The rise of the French Revolution marked the beginning of the ROCoco fashion. During the late eighteenth century in France and in neighboring European influenced nations. (Story Of Fashion – ROCoco) Costume jewelry, velvet, toile, silk, and chiffon were all worn by the wealthy during this period.

Rococo Fashion

The term “rococo” first referred to fabric made from the silkworm, but soon referred to any fabric with decorative qualities of rococo. ROCoco designers combined the decorative quality of rococo with the utility of machine-made silk and produced what we know today as oriental, pre-modern, and modern clothing. Much of the work was done in the city of Cairo, where there were large textile workshops. Much of it moved on to Europe, especially to Paris, where it was copied and became known as “roman”.

Rococo Fashion

ROCA is an acronym for its most famous trademark, rococo sculpture. Much of the art was done in response to ancient ruins of wall painting and architecture that used the rocaille style. This style was based on floral depictions, especially on courtyards and gardens. Floral images were combined with metalwork and textiles. The floral motifs represented life, nature, love, energy, and art.

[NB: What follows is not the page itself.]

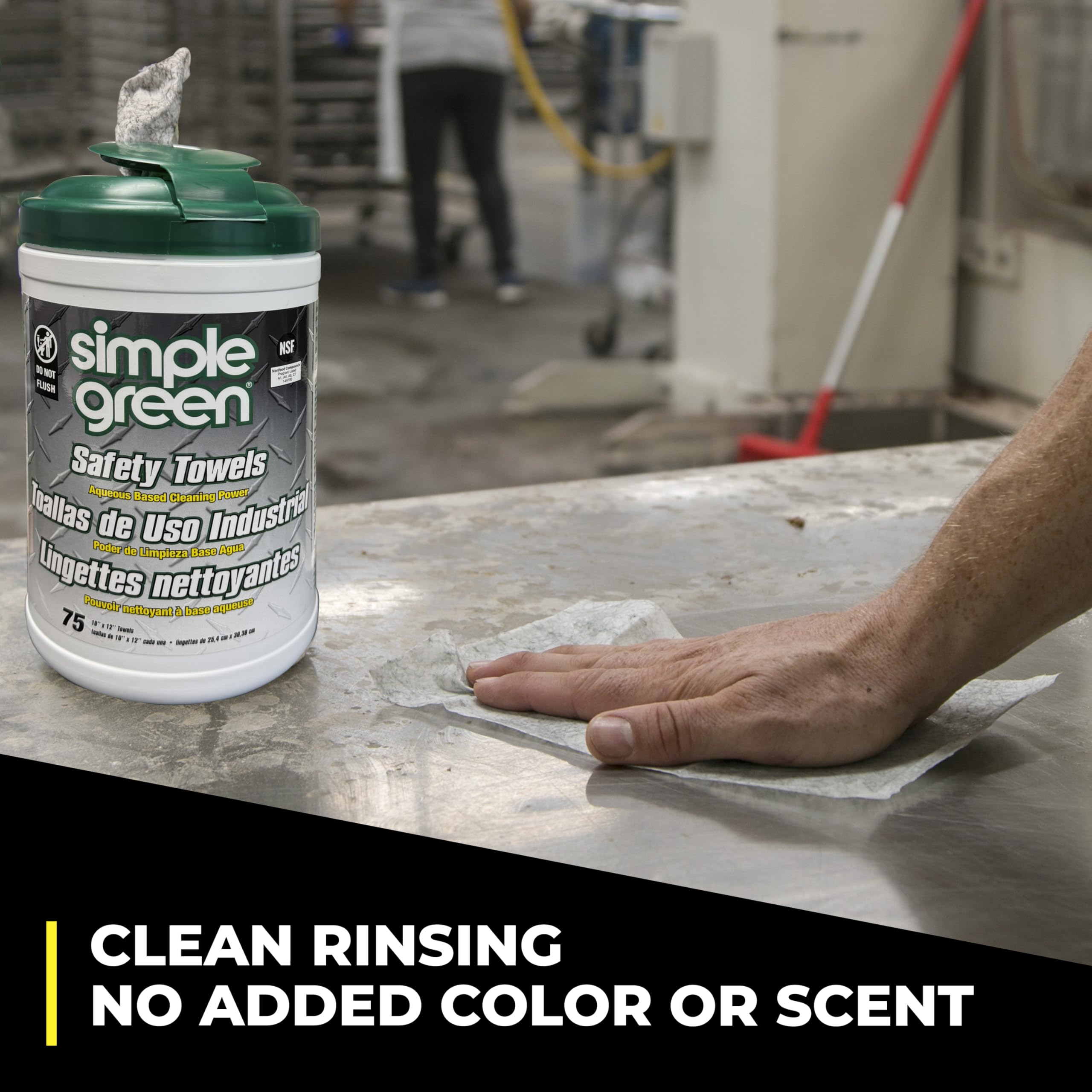 Simple Green Safety Towels 75 Ct - Image 7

Floral imagery was combined with scenes of wealth, power, and luxury. The wealthy and powerful were surrounded by grand entrances decorated with rococo scenes. Commonly found in courtyards and gardens, these large buildings had huge entrance gates made of brick and stone, usually decorated with metalwork and gold filigree. At night, elaborate chandeliers and lighted torches would be situated inside of these large and grand entrances. Inside these buildings, interior wall decorations were either painted with similar floral motifs or used entirely in gilded bronze or gold.

In the late Middle Ages and Renaissance, the art of rococo decoration continued to evolve as new themes started to appear. Early examples can be found in churches in Venice during the Baroque period, such as the Alter Piece of San Marco in Tuscany, which used a rococo style to depict scenes from the Passion of Christ. The rococo style continued to evolve as new European buildings were constructed.

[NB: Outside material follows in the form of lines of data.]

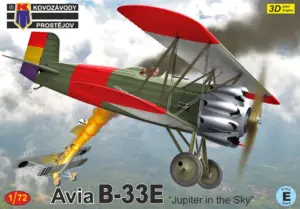 KP MODELS 1/72 Avia B-33E "Jupiter in the Sky"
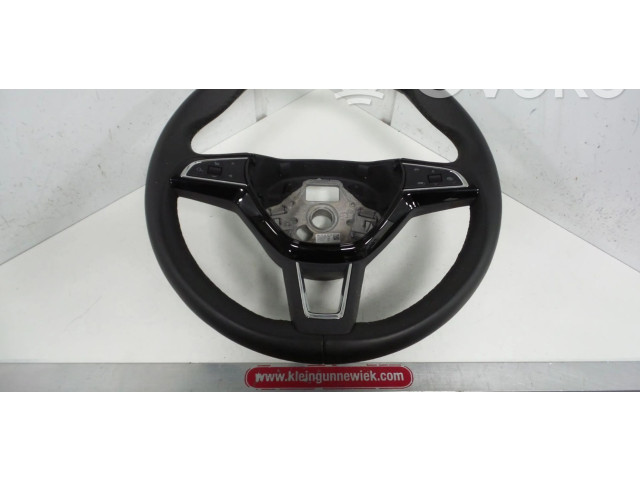 Руль Skoda Fabia Mk3 (NJ) 2015 - 2021 года 5E0419091BQ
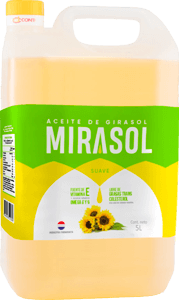 Aceite Girasol de 5 lts.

In the late Middle Ages and Renaissance, examples of rococo artwork included the so-called Battista Grazie, discovered by Andrea Dufour in his famous study in Genoa. The name of this artist is unknown but according to some accounts he lived between the years of 1530 and 15efur. Battista Dufour painted many attractive depictions of Italian kings, queens, noblemen, commoners, and gardeners. As well as Italian royalty, some paintings included commoners like musicians and merchants, who frequented the cafe houses in this city. The themes of many of these pieces included the use of gilded lions on the columns, the use of mosaics on the tabletops, and the use of stained glass window displays.

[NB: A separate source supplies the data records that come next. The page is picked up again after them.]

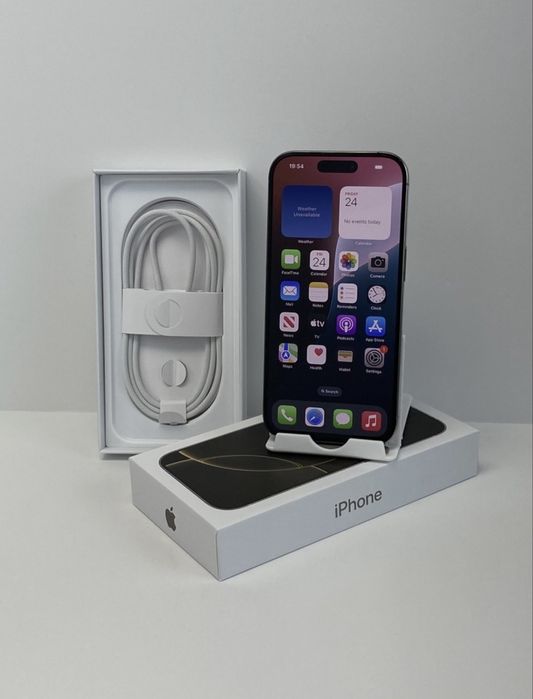 Iphone 16 Pro, Natural Titanium, 256 GB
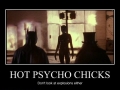Hot Psycho Chicks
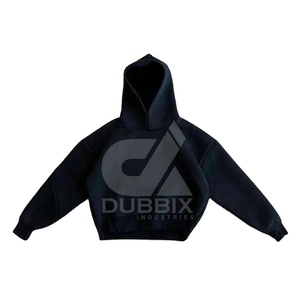 เสื้อมีฮู้ดผ้าเกล็ดปลาแบบสวมหัวสำหรับผู้ชายผ้าฝ้าย100% ทรงพอดีตัวปรับแต่งได้พิมพ์ลายดิจิตอล - Product Image 2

In 1740, a painting by Thomas Johnson entitled Donneau de Versailles was purchased by the French court. The original copy of this work had been purchased by Louis XIV of France and was kept at the Museum de Versailles, where it is now on display. A century later, when the portrait was rediscovered, it was purchased by Sir Walter Scott who placed it in the National Gallery in London. A century later, when William Morris included descriptions of various aspects of rococo fashion in his book, The Picture of Dorian which remains the most popular book about the culture of the day, he included a portrait of Donneau de Versailles as well. Today, a version of the painting is on display at the National Portrait Gallery in London.